Beach maintenance scheduled for next week
PROVIDENCE BAY—The municipality of Central Manitoulin will be cleaning up Providence Bay beach next week, removing overgrown vegetation to help keep the beach clean and accessible for the public to enjoy. The work being completed is thanks to a 25-year permit the municipality received last October from the Ministry of Natural Resources and Forestry (MNRF), which allows routine maintenance of the beach as needed.
“We will be completing some maintenance work starting on Tuesday, May 23 and continuing over several days,” explained Central Manitoulin Economic Development Officer Nancy Kinoshameg. “We will be removing shrubs and their root systems at the edge of the water, along the east side of the Mindemoya River, which will span the entire length of the boardwalk. We will also be removing some vegetation in that area that is overgrown.”

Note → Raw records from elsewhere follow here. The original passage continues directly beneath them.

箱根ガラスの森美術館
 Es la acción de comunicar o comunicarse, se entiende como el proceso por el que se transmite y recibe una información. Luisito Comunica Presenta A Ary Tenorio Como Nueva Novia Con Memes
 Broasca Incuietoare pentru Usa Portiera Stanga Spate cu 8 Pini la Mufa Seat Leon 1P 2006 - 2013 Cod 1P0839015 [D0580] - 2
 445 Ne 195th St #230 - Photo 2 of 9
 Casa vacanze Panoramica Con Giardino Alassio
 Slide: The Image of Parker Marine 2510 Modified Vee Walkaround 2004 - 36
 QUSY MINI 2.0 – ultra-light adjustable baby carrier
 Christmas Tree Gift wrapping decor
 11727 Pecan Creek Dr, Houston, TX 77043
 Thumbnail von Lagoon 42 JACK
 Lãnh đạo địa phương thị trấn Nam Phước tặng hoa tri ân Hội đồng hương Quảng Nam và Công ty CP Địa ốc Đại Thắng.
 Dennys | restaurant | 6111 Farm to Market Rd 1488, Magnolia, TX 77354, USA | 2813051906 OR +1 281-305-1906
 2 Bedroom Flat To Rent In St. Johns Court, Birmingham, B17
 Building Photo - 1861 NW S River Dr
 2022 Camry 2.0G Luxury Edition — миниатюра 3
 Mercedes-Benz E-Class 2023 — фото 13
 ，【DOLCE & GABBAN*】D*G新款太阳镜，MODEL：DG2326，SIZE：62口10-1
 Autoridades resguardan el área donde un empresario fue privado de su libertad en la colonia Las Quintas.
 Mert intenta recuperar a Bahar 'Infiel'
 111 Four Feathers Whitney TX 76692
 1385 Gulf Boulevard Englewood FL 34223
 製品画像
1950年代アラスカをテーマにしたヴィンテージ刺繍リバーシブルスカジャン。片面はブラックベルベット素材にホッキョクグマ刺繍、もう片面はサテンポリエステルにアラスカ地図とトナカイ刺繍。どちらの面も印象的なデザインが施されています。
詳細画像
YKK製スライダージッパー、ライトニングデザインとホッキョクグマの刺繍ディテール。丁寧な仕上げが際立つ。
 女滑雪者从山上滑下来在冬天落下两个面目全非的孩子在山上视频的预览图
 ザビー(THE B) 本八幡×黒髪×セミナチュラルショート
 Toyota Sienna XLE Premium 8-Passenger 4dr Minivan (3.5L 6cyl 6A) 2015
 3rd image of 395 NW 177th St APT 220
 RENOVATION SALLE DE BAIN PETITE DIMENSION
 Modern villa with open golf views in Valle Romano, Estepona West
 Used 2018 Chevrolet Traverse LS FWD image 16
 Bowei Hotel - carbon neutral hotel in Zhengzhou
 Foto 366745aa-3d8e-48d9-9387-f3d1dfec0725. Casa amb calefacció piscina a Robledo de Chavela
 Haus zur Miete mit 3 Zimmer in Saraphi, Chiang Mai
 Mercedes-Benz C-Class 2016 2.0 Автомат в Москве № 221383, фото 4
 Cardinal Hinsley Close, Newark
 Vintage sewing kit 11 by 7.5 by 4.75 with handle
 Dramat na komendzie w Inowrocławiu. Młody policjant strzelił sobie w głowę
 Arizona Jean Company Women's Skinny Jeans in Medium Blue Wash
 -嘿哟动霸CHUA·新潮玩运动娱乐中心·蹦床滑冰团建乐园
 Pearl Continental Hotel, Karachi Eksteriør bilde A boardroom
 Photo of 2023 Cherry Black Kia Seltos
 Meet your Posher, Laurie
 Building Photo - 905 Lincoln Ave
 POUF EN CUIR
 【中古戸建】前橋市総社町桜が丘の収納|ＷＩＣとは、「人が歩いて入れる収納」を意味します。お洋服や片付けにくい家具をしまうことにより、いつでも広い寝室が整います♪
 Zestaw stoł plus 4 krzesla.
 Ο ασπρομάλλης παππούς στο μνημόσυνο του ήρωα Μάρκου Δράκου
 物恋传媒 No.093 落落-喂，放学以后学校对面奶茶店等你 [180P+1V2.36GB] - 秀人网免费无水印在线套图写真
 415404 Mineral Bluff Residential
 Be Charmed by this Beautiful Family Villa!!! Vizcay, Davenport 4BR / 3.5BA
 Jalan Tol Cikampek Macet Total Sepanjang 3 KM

Ms. Kinoshameg said that the work will help maintain the beach for both Islanders and visitors to enjoy.
“The area being worked on will be flagged and staked,” added Ms. Kinoshameg. “The boardwalk will still be accessible, but we are asking that the public stay out of the area that is being worked on.”
In October 2016, the municipality received a 25-year permit from the MNRF to conduct work on the beach and boardwalk, Ms. Kinoshameg explained. “Rather than go back every year to the MNRF to request permission to do work on the beach or apply for permits for work, we put together an application for an extended period of time,” she said. “It covers us to do some removal of invasive species or non-native vegetation, as well as regular beach clean up such as overgrown vegetation. It will allow us to ensure the beach is clean so the public can enjoy the beach, but also it will allow us to protect species at risk like Pitcher’s thistle.”
After receiving the permit in October, Ms. Kinoshameg did a test run, working on the beach to ensure the town’s equipment could handle the work.
“We were successful in utilizing town equipment to do the work, so now we will be going ahead and starting to remove some of the overgrown vegetation next week,” said Ms. Kinoshameg. “Next year, we will continue to do the work as needed. The permit also allows projects like the annual volunteer beach clean up, which occurred last weekend. Previously, we had to get permission or sometimes permits from the MNRF for the clean up because the beach dunes are a protected habitat. Now, under the permit, the clean up activities are covered.”
As for phragmites, Ms. Kinoshameg said that the town is continuing to monitor the invasive reed on the beach and working with Manitoulin Phragmities Project Coordinator Judith Jones on its eradication from the beach.